Luis Lapuente escribe unas líneas urgentes, al amanecer, después de enterarse de la muerte de Leonard Cohen, reflexionando sobre su carrera y sus últimas canciones.
Texto: LUIS LAPUENTE.
En el filme de John Ford “El último hurra”, un viejo político de raza encarnado por Spencer Tracy se presenta al final de su vida ante sus electores con una fuerza interior y una dignidad pasmosas. Así lo hizo Leonard Cohen, como antes David Bowie en este año maldito para los dioses del pop, en su reciente álbum, “You want it darker”, un disco hermoso y doliente donde, emulando a William Blake, buscaba la luz adentrándose más y más en la oscuridad. “Me levanto de la mesa, estoy fuera de juego, no necesito una amante, así que apaga la llama”, canta, suspira Leonard en ‘Leaving the table’, casi pidiendo perdón por detener la sangría de generosidad derramada en sus canciones, sus poemas, su vida apurada a mil besos de profundidad.
Ahora ya lo sabemos, aunque él nos lo dijo desde el principio, aislado del mundo en el paraíso heleno de la isla de Hydra, escondido entre las sábanas del Chelsea Hotel o tendido en una cama de madera de un monasterio budista, qué más da: sexo y muerte alumbraron el imaginario de sus creaciones y así ha sido hasta el final, una lucha titánica en la que él siempre apostó por los hermosos vencidos. “Me peleaba con la tentación, pero no quería ganar”, confiesa en ‘On the level’, otra de las gemas en bruto de su testamento musical.

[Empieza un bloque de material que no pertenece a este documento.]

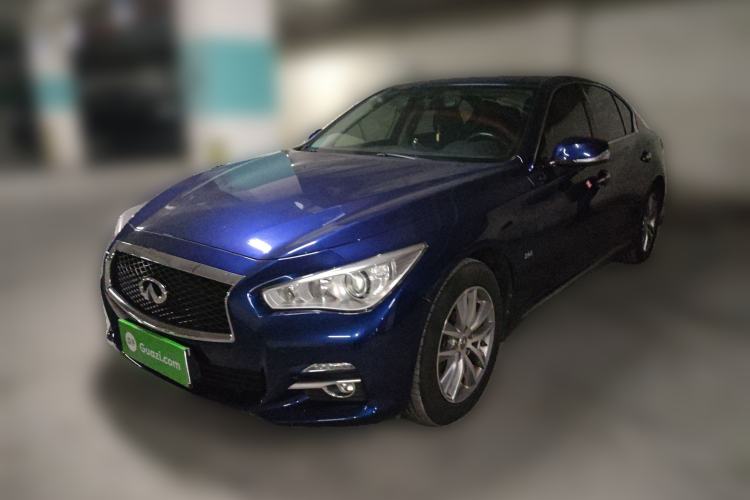 Used Infiniti Q50L 2016 2.0T Comfort Edition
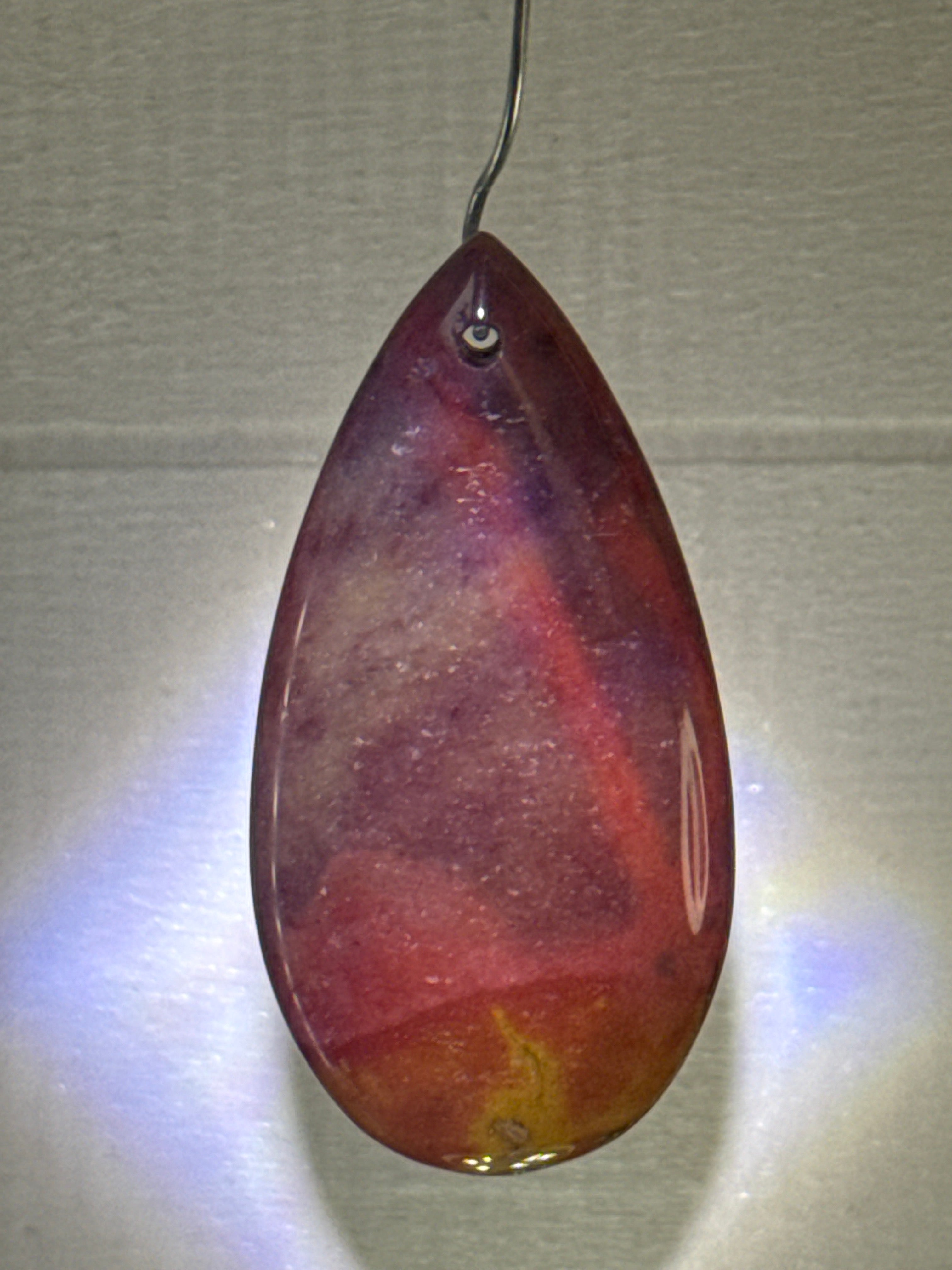 Mookaite Pendant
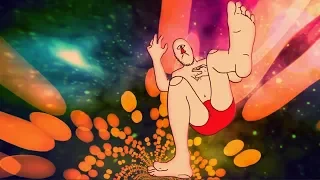 Captain Hook & Astrix - Psychedelic Bungee - - - [Full Visual Trippy Videos Set] - - - [GetAFix]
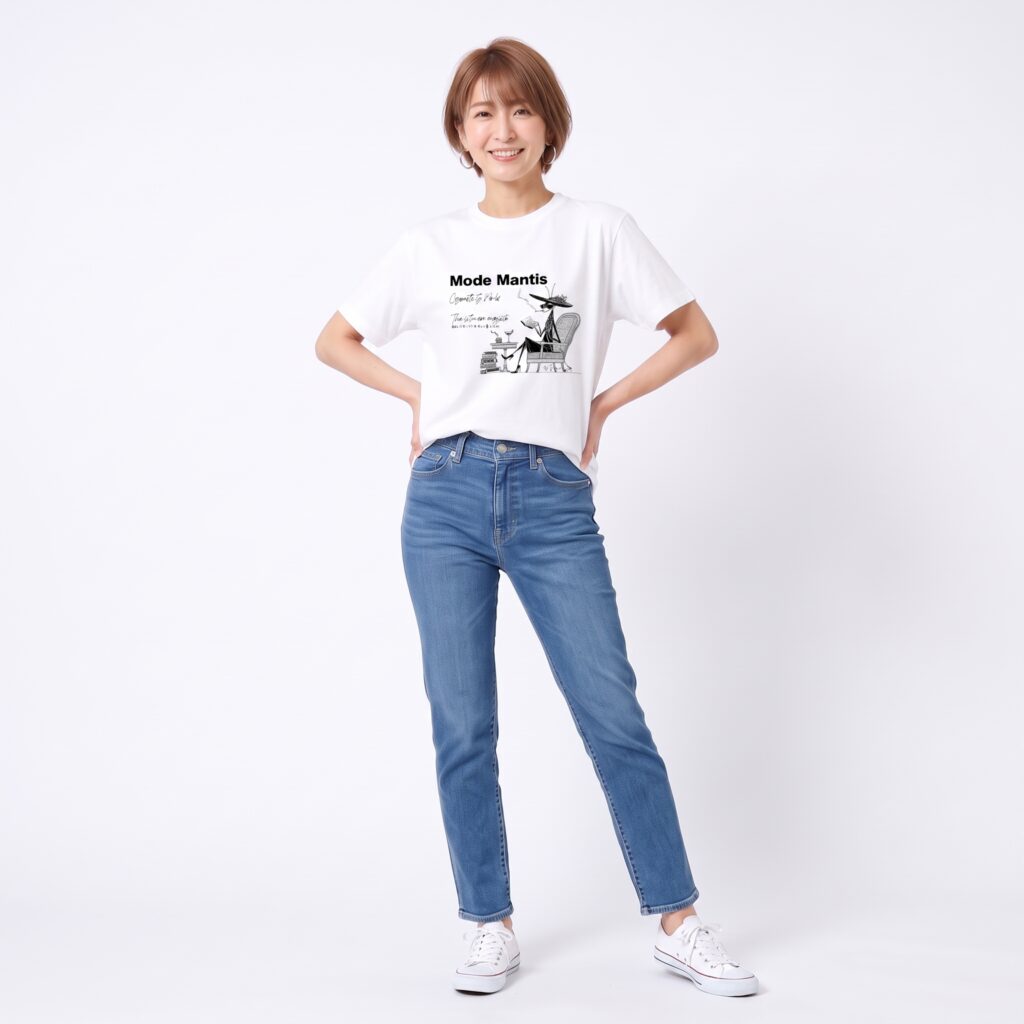 ModeMantisモードカマキリ
Tシャツ
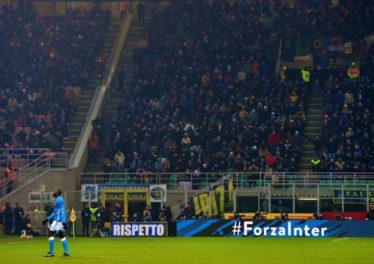 Il Napoli ha diramato un comunicato sul mancato accoglimento del ricorso alla squalifica di Koulibaly: "il calcio umiliato, persa una grande occasione".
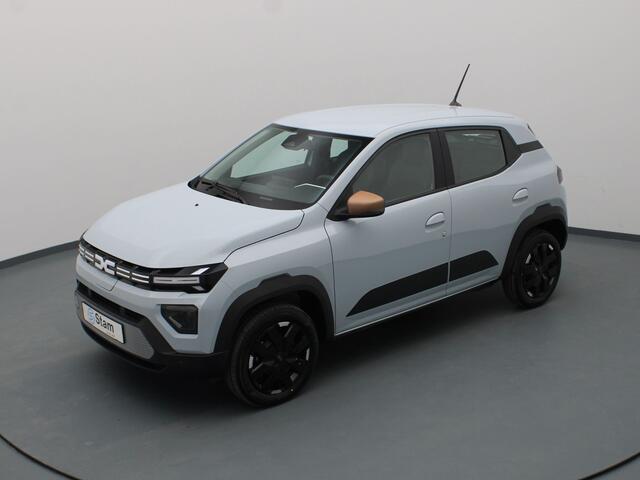 Dacia Spring Extreme 100pk 24.3 kWh Camera | Cruise | Navi | Parkeersens. v+a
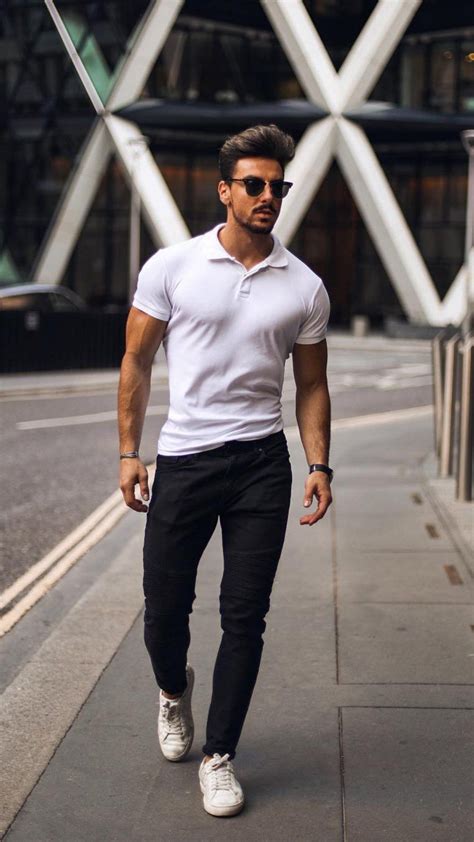 mens casual style inspirations     confident mens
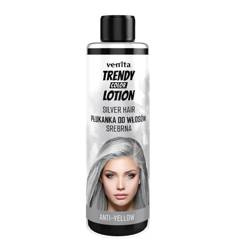 Trendy Color Lotion płukanka do włosów Srebrna 200ml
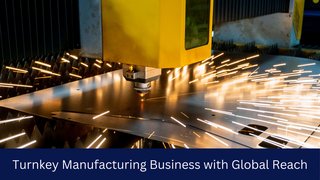 Acquire a global turnkey manufacturer specializing in machinery for tea, agriculture, and industrial sectors.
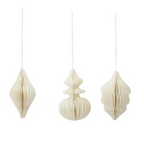Honeycomb Deco Isaz Cream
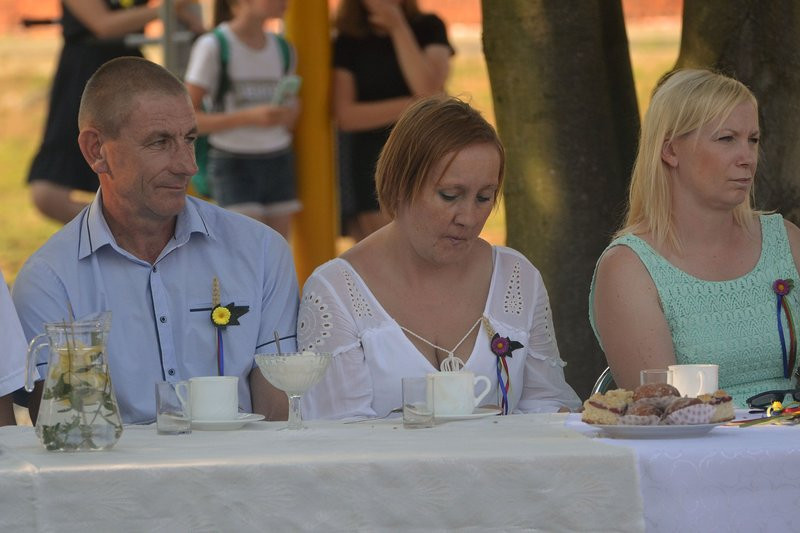 Dożynki w Pawłowicach (zdjęcia)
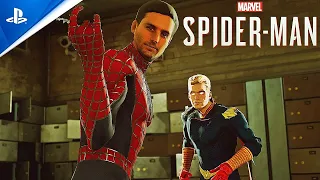 Spider-Man PC - Tobey Maguire VS Homelander (Marvel's Spiderman PC MODS)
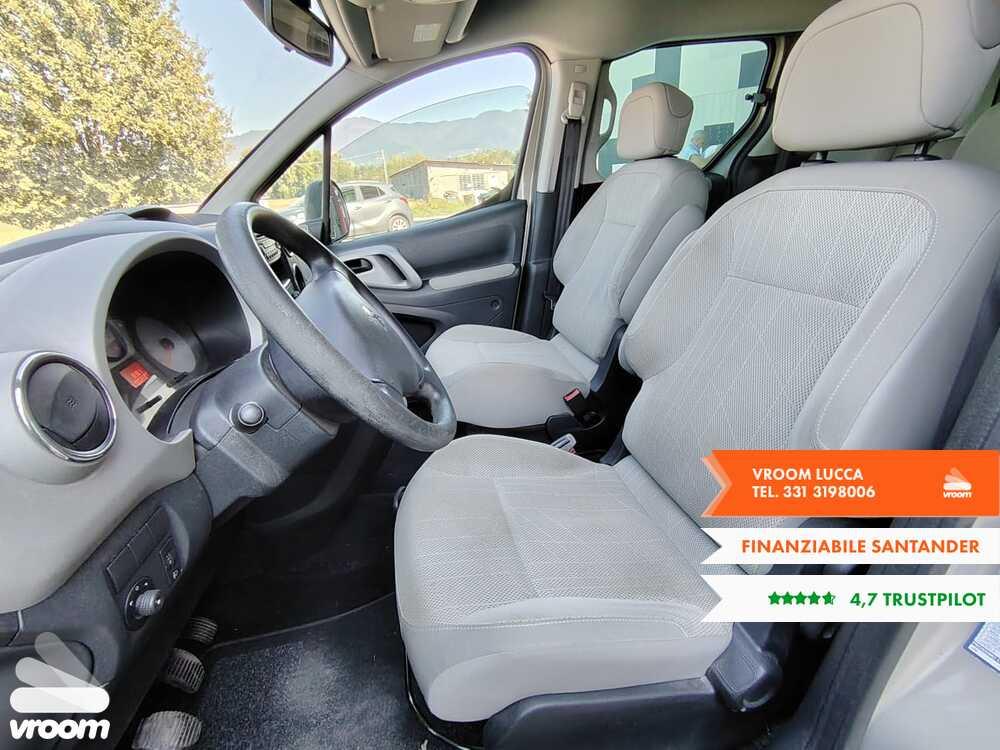 PEUGEOT Partner 2ª serie Partner Tepee 1.6 HDi...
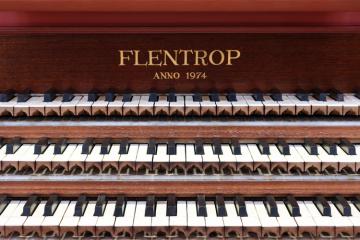 Flentrop 50th Anniversary Celebrations | Faculty Recital: Jonathan Moyer and Christa Rakich, organ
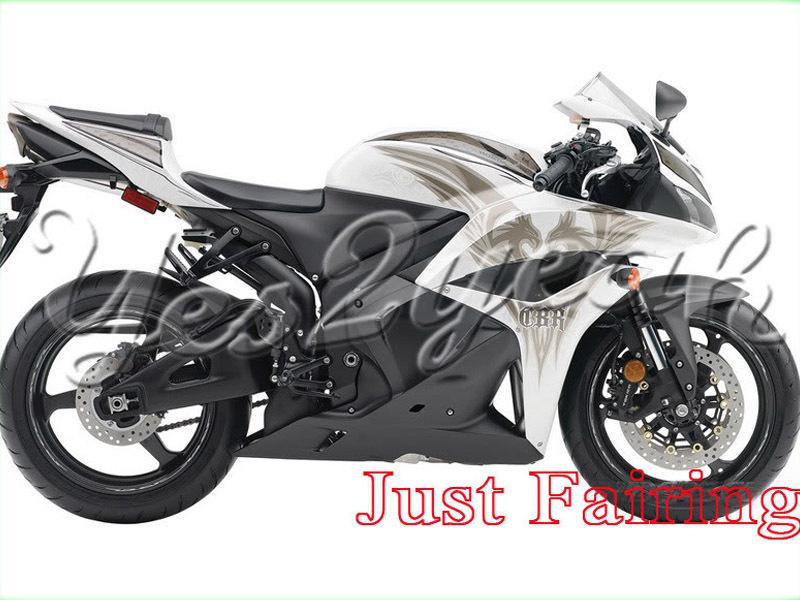 Injection molded fit cbr600rr 2009 2010 2011 2012 two phoenix fairing zn608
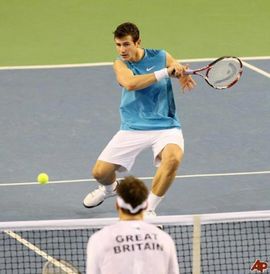 Bubka mlađi u drugom kolu US Open-a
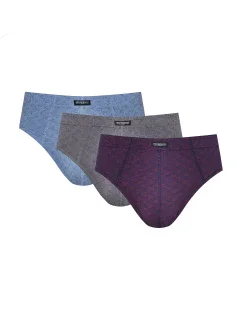 Pánské slipy 1446 model 17644727 Shimmer A'3 - Henderson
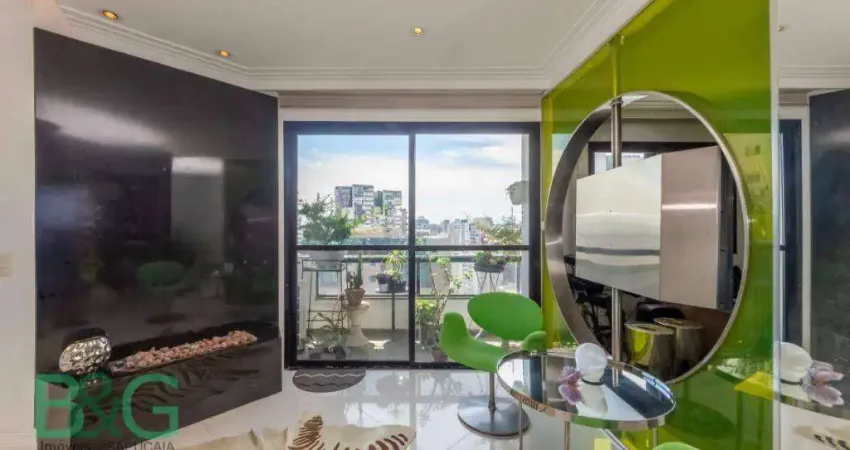 Apartamento com 3 dormitórios à venda, 89 m² por R$ 1.450.000 - Vila Uberabinha - São Paulo/SP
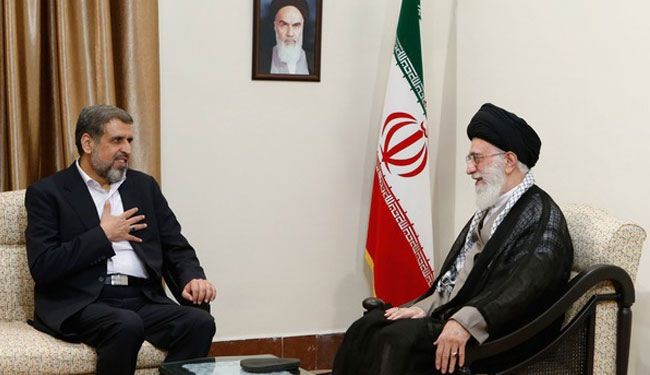 Sayed Khamenei: La bataille avec l’ennemi sioniste décidera de son statut final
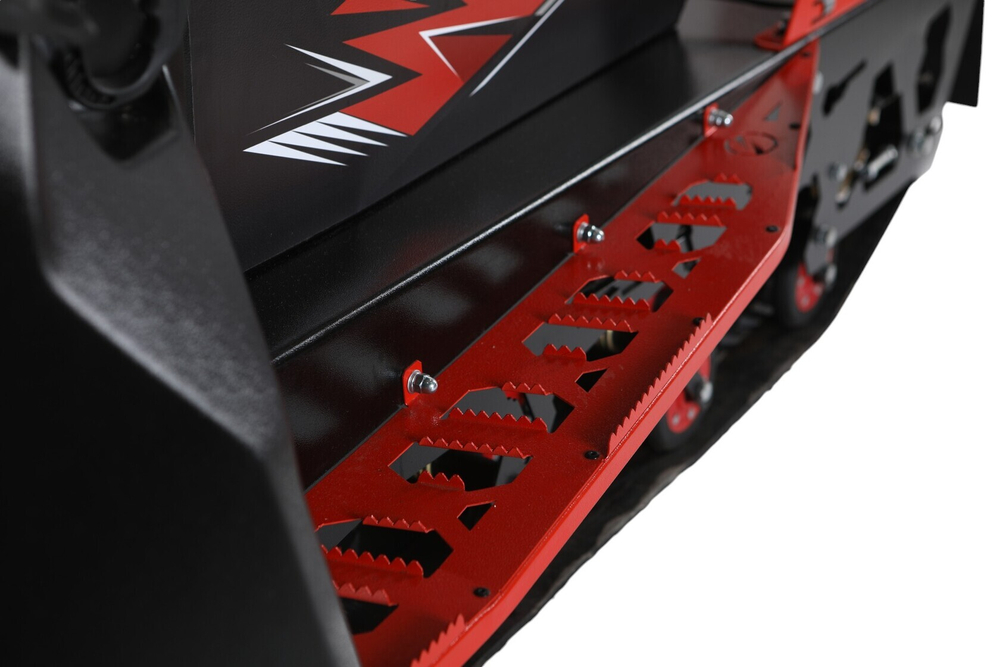 Снегоход IKUDZO HUNTER 600LK 20 V2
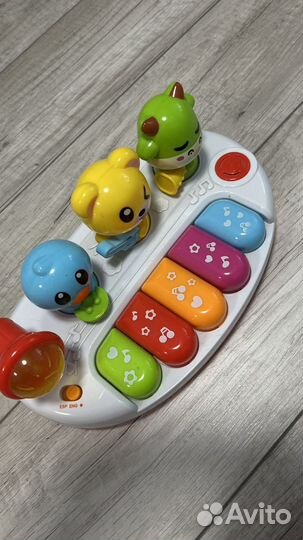 Пианино детское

Canciones de amor y odio, nueva piel para la vieja ceremonia, aquellas fascinantes letanías voluptuosas, delicados haikus de un hombre atrapado entre sus deseos carnales y sus demonios espirituales, fogonazos de silencio que nos recuerdan nuestra condición mortal, ahora que él, también él, nos ha abandonado y solo nos quedan sus canciones.
La despedida del cantautor canadiense es su último regalo, quizá por eso el más preciado, ese disco mortuorio que desvela una epifanía de secretos compartidos, hermosura de pájaros en el alambre, el aliento final de un anciano redimido en Shangri-La anunciando de rodillas su fe en la eterna quietud, susurrando el mantra de su ‘Hallelujah’ de espaldas al público, igual que en sus últimos conciertos, como en una liturgia preconciliar embellecida por un órgano catedralicio. Imposible despedirse y Leonard lo sabía, también nos lo había dicho: “That’s no way to say goodbye”.